Der Werftplatz verrät den Fertigstellungstermin

Der Dampfer Dresden schwimmt schon in der Elbe. Dort sind die Winterarbeiten besonders weit fortgeschritten. Am 15. Januar wurde er zu Wasser gelassen, seitdem steht die Gräfin Cosel auf dem Trockenen. Sie muss bis April fertig werden. Danach folgen die Dampfer Diesbar, Stadt Wehlen und Meißen. Besonders viel Zeit ist für die Meißen eingeplant, sie soll bis zum August fertig werden, sagt Thomas Kühl. Deshalb steht sie in der Werft am weitesten von der Elbe entfernt auf dem Trockenen.
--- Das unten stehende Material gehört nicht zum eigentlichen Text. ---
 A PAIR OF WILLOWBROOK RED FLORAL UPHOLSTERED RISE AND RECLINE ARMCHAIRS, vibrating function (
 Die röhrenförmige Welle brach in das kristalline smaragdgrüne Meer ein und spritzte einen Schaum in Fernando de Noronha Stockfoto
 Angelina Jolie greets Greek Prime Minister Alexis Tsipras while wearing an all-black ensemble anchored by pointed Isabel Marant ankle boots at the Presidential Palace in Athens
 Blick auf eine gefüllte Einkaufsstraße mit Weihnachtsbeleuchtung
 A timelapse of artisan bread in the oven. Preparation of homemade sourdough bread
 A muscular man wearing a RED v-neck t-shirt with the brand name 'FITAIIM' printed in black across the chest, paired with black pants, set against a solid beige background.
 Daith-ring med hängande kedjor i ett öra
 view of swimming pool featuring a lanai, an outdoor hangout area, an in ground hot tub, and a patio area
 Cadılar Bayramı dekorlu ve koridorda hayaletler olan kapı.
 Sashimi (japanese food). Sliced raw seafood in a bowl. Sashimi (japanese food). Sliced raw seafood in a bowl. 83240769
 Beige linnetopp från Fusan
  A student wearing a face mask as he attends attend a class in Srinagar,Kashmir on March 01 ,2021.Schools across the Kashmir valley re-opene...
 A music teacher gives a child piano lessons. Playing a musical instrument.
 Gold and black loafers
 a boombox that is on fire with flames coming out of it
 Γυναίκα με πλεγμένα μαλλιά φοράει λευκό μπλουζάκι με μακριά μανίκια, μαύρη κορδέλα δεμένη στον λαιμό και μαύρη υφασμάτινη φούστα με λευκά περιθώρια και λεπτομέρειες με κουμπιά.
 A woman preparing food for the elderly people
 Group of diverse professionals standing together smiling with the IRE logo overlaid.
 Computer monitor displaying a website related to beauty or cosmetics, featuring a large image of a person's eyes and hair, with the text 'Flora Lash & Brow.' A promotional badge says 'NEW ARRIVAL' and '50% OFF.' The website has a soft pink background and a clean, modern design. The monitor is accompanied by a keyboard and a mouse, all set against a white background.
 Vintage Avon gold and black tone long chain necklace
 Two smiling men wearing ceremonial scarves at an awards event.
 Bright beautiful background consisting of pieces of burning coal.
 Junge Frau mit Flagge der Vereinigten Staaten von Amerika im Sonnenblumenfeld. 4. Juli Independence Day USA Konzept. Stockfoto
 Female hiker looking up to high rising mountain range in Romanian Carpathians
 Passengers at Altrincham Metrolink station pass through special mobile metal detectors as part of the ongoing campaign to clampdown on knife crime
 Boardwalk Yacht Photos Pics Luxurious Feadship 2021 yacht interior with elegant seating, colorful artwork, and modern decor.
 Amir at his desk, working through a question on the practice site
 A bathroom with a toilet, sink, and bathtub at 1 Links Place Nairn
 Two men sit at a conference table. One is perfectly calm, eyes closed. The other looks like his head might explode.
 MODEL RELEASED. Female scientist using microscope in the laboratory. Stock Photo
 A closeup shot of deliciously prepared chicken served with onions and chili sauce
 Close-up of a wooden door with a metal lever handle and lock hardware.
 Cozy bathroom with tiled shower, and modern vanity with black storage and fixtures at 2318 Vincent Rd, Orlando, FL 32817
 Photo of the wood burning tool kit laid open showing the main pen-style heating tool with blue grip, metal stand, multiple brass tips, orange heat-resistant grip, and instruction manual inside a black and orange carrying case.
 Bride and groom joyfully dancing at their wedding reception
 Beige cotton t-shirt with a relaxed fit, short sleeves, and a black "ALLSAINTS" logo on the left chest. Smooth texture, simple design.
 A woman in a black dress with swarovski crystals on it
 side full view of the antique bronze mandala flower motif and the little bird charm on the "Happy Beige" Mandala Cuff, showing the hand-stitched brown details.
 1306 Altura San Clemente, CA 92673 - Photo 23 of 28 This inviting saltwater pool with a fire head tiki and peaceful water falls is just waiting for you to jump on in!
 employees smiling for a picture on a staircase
Die Reparatur und Pflege der Schiffe ist eine Millionenaufgabe

Allein 800 000 Euro kosten die neuen Hilfsdieselmotoren für alle Schiffe samt dem Einbau. Insgesamt sind es 17 Stück, berichtet Technikchef Gerd-Rüdiger Degutsch. Weitere 200 000 Euro pro Schiff kosten die sonstigen Reparaturarbeiten, rechnet die Dampfschifffahrt. Damit sind schon die üblichen Instandsetzungsarbeiten an den fünf Schiffen, an denen zur Zeit in Laubegast gearbeitet wird, ein Millionenauftrag. Dabei fassen die Schiffsbesatzungen selbst mit an. Vier Mitarbeiter sind in der Werft beschäftigt. Dazu kommen zur Zeit etwa zehn Besatzungsmitglieder, vom Kapitän bis zum Maschinisten. In den Schiffen können sie bei erträglichen Temperaturen arbeiten, sie werden dazu beheizt.